### Problem to work on
Set the pictures aside and transcribe exactly the lines from the one containing "Scandinavian Wooden Dresser" through the final line of the records.

(Excerpts from a dataset)
···

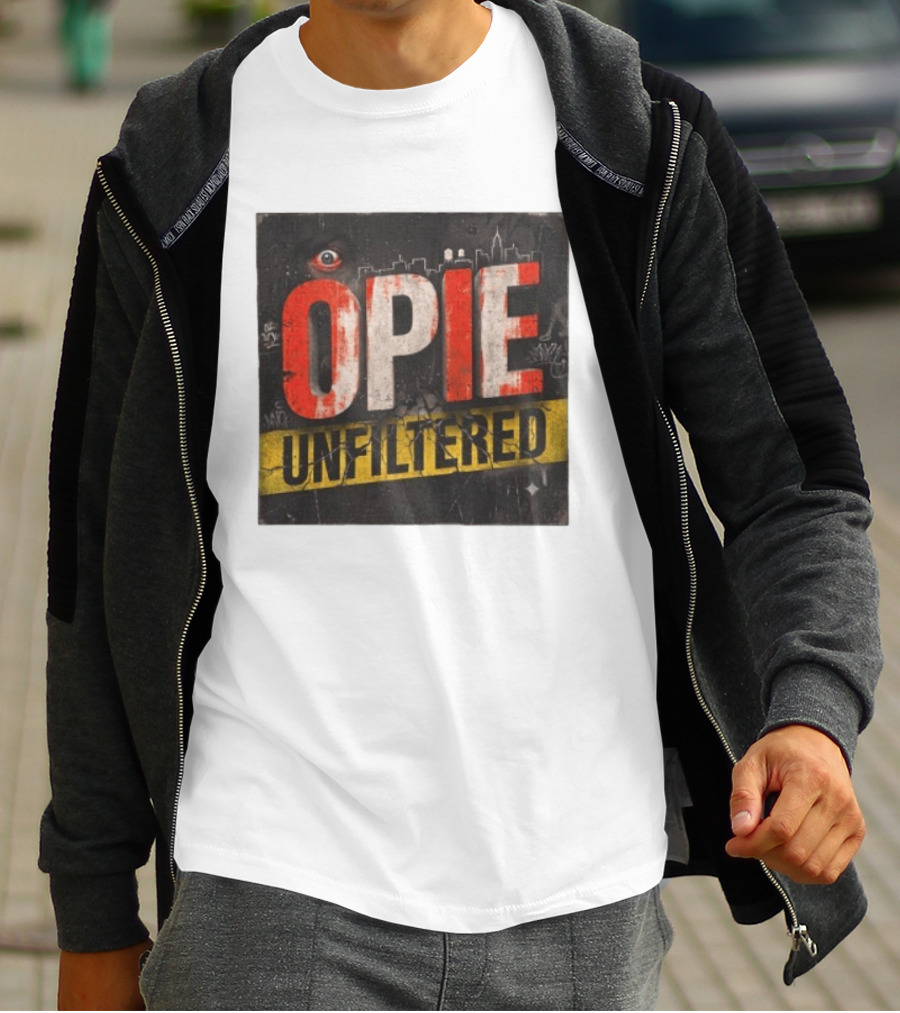 Opie Unfiltered Podcast Eye Graffiti Cityscape T-Shirt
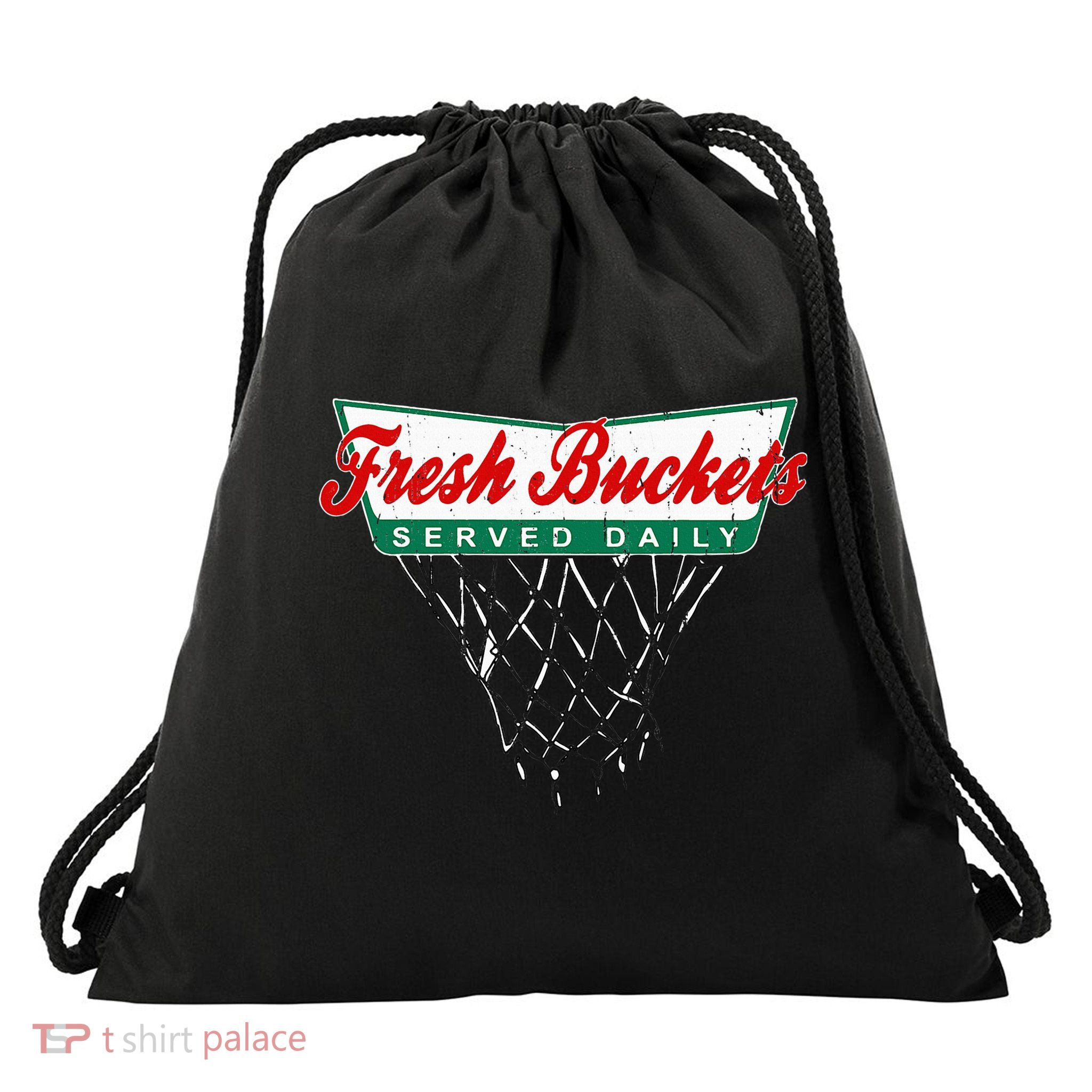 Basketball Player Fresh Buckets Served Daily Bball Drawstring Bag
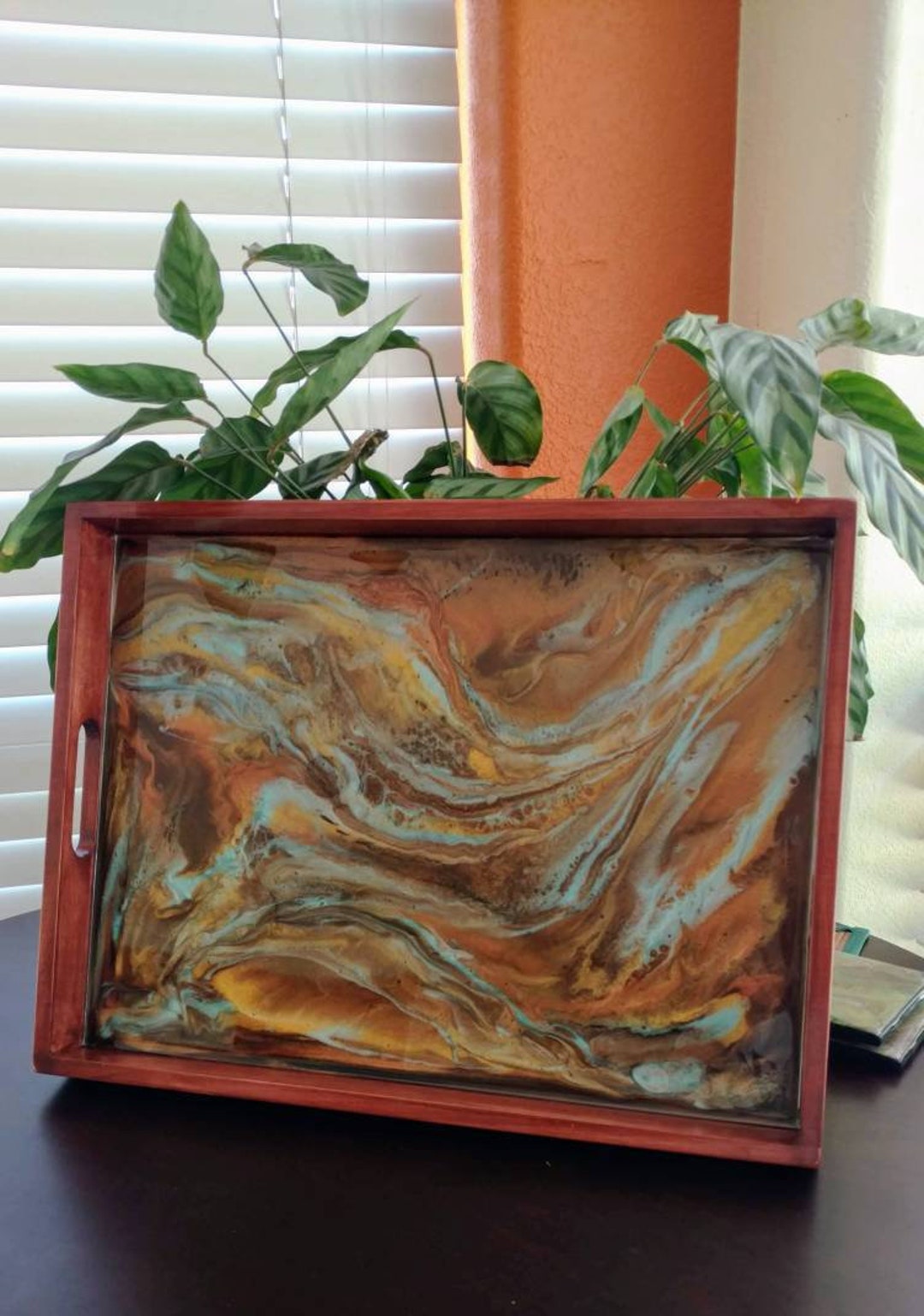Fluid Art Resin Tray, 12x16 Wood Resin Tray, Resin Serving Tray, Rectangle Serving Tray With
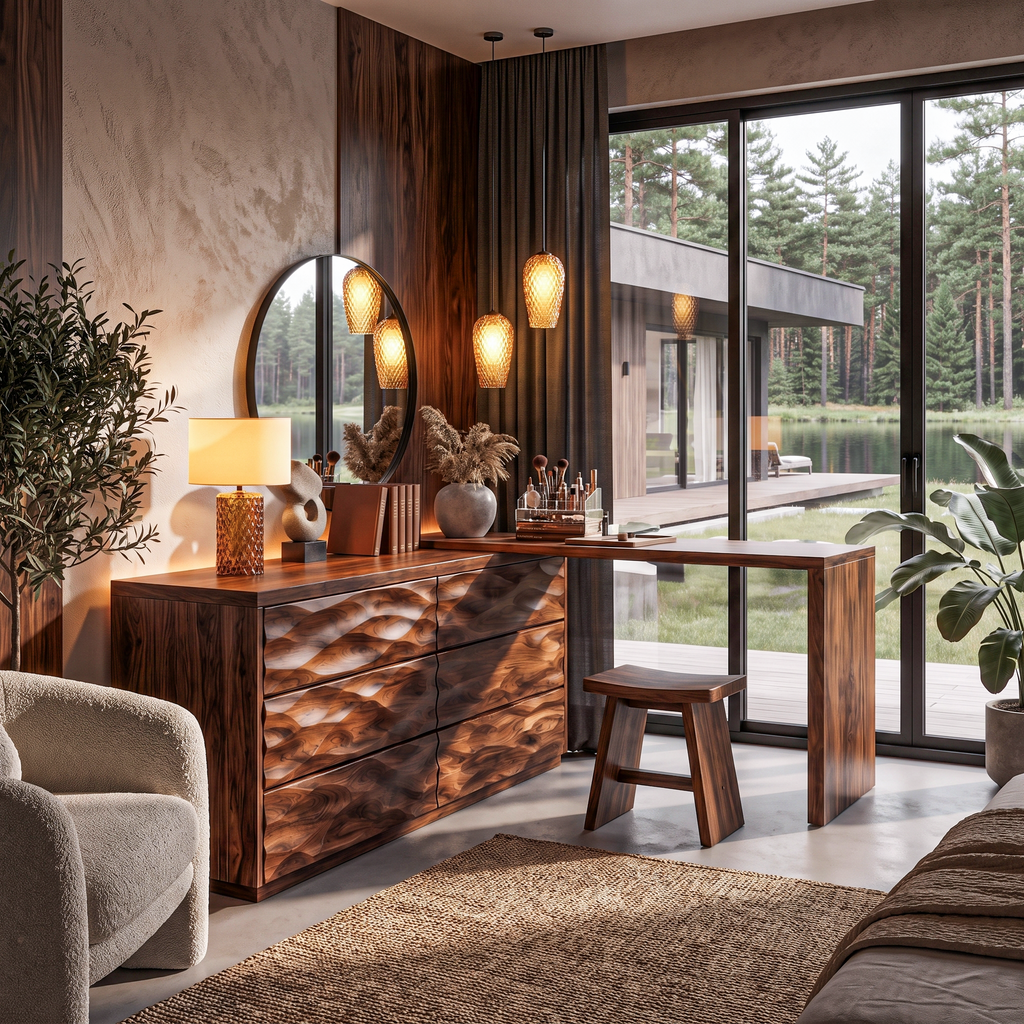 Scandinavian Wooden Dresser With L Shaped Desk Extension For Bedroom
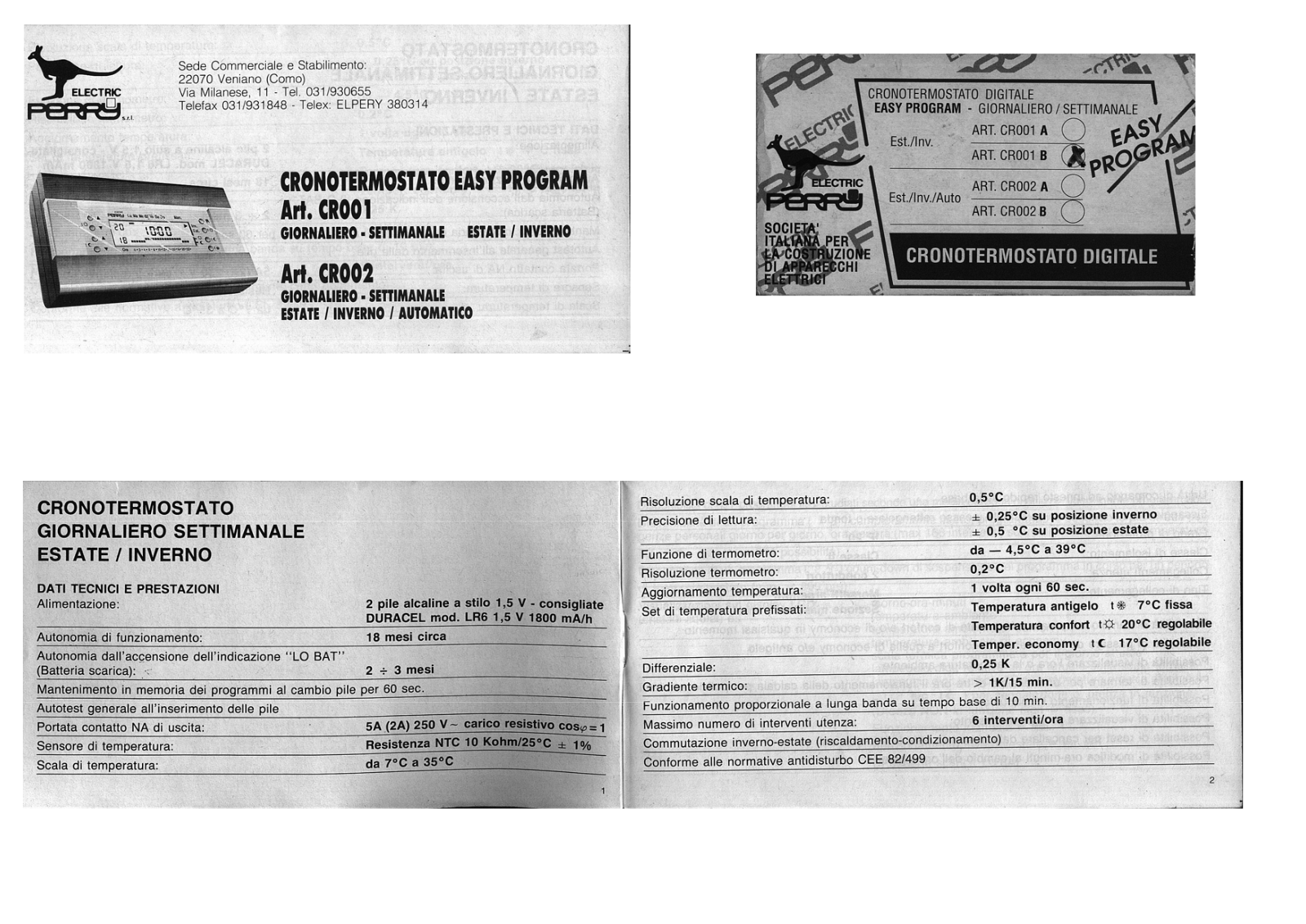 Perry CR001, CR002 User Manual - ManualMachine.com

···

### Task response
 Scandinavian Wooden Dresser With L Shaped Desk Extension For Bedroom
 Perry CR001, CR002 User Manual - ManualMachine.com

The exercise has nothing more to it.